Ryen Russillo discussed what he thinks is the worst kept secret in the NBA – a trade demand from Phoenix Suns star Devin Booker.
Booker has played in the NBA for 5 seasons since being drafted. The shooting guard has matured a lot over the years on a lot of fronts. From a defensive sieve, he’s become an offensive juggernaut. He’s the youngest player ever to score 70 points in an NBA game.
The 6’5″ guard has been the lone bright spot over the past decade for Suns fans. Having failed to make the playoffs for 10 straight years, including 5 when Booker has been on board, they have had some tough times.

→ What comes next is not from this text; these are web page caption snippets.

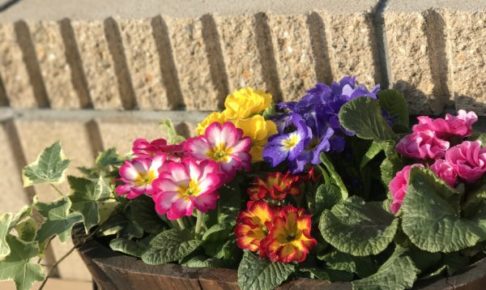 2025年版|園芸療法初心者におすすめの道具と始め方ガイド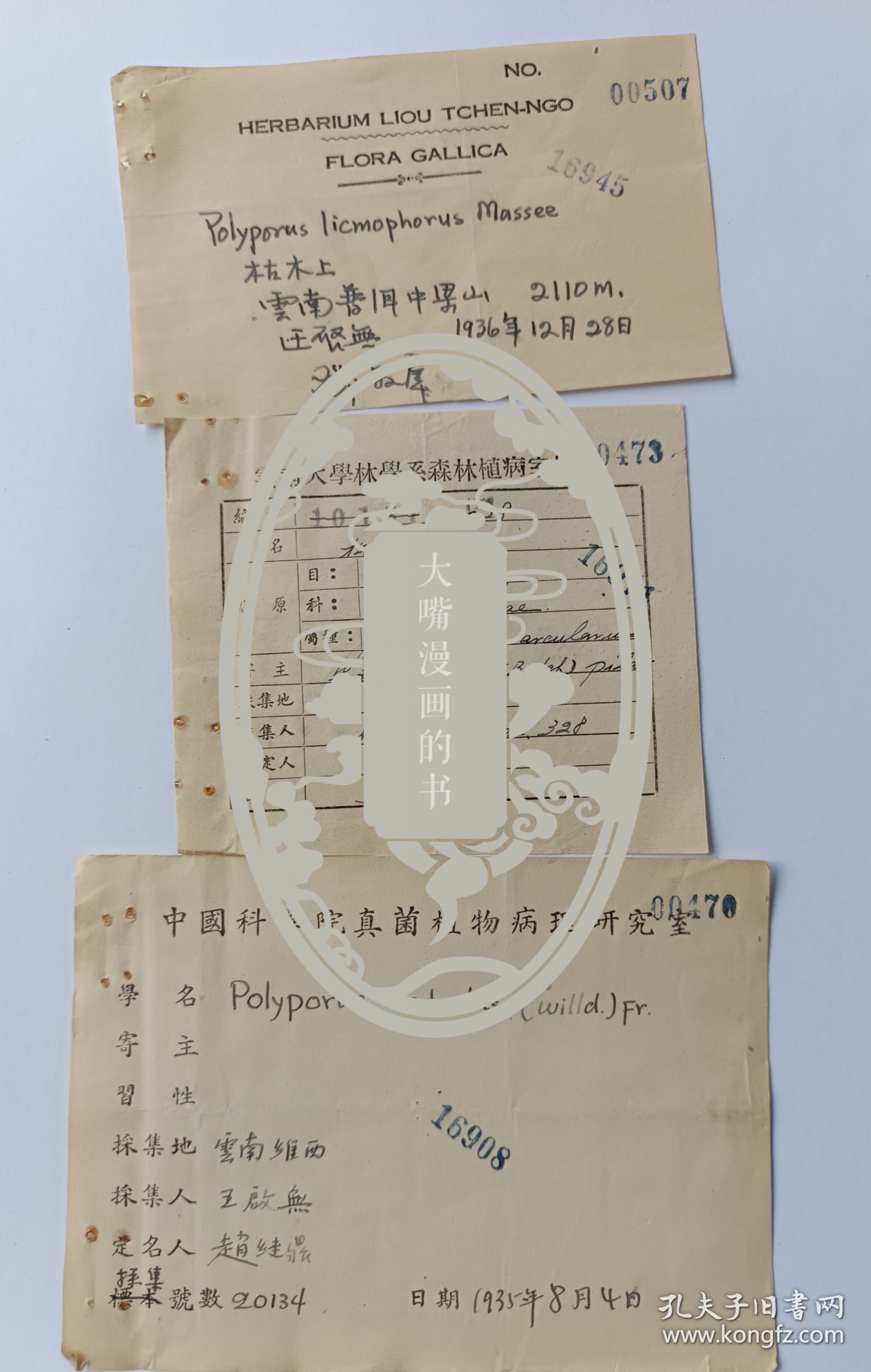 中央研究院院士、著名科学家邓叔群、科学家赵继鼎、任玮签名登记植物标本登记表2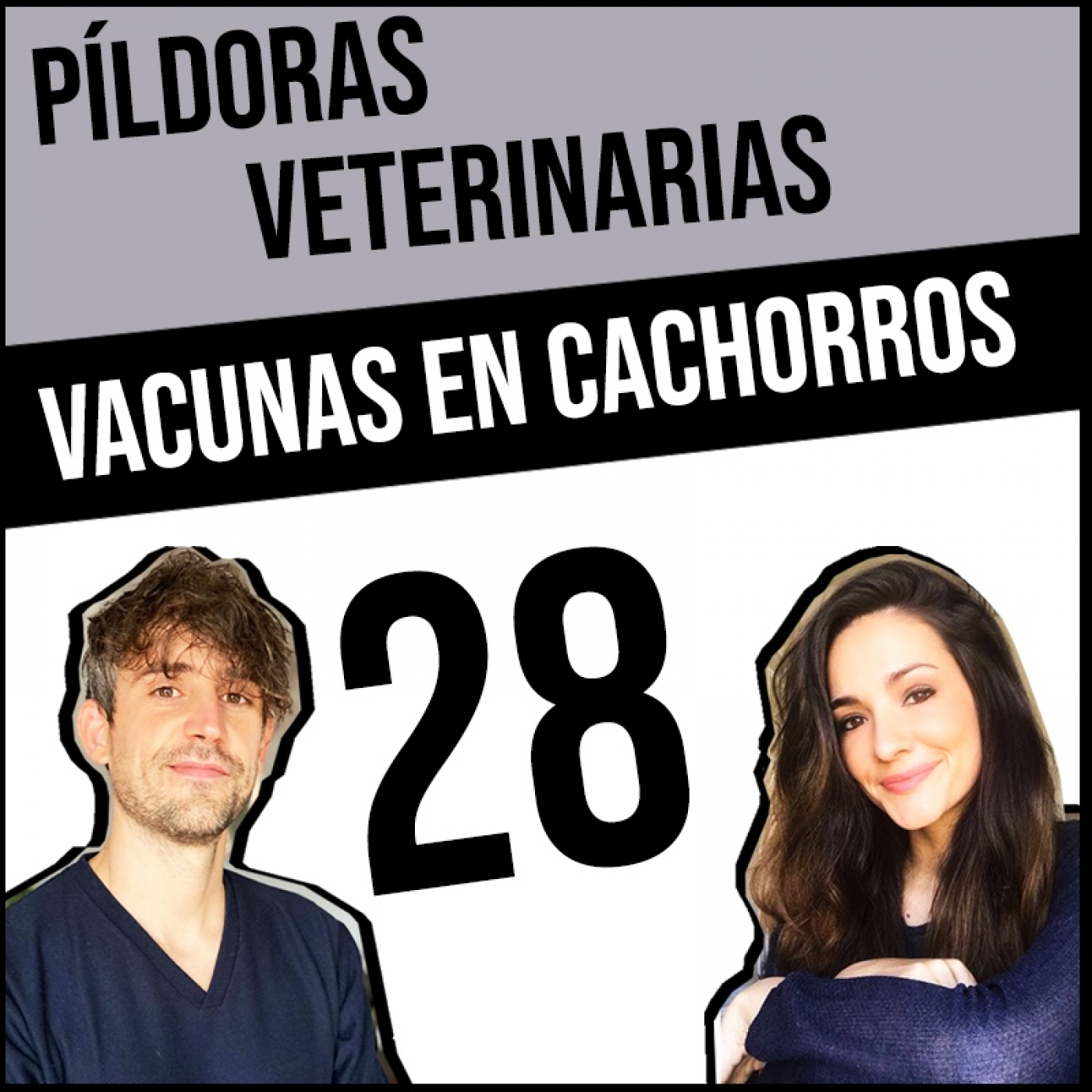 Píldoras Veterinarias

New York Knicks in play for Devin Booker trade, per Ryen Russillo on Bill Simmons podcast
Knick president of basketball operations Leon Rose was the agent for Devin Booker earlier on. This bond between the two may prove pivotal in helping the Knicks secure a trade for the newly turned 24-year-old. Per Russillo:
“Since Leon Rose was hired as president, the player to watch out for most is Suns combo guard Devin Booker, according to league sources. If Rose hires Tom Thibodeau, (Karl-Anthony) Towns—a former Rose client—no longer makes sense because of their history.”
“Booker and Towns were Rose clients who played at Kentucky, which means Knicks adviser William Wesley is close to each. Rose has done well with Kentucky standouts because of Wesley.”
Devin Booker wanting out of Phoenix is the “worst kept secret”. It appears Booker is ready to move on. Per Ryen Russillo on the Bill Simmons Podcast. pic.twitter.com/wY5yFV9A85
— NBA Retweet (@RTNBA) November 4, 2020
While Booker may certainly have been fed up with the Suns’ losing record, they’re certainly in a much better rebuilding spot than the Knicks today. They went 8-0 in the NBA bubble, an encouraging sign for the team despite them not qualifying for the playoffs. Team morale should be sky high right now.
Given that the Suns might well have been in the thick of the playoff race but for injury to Ayton, Booker should be trying to run it back one more time in Arizona. He has a better chance of success in the Copper State than at Madison Square Garden.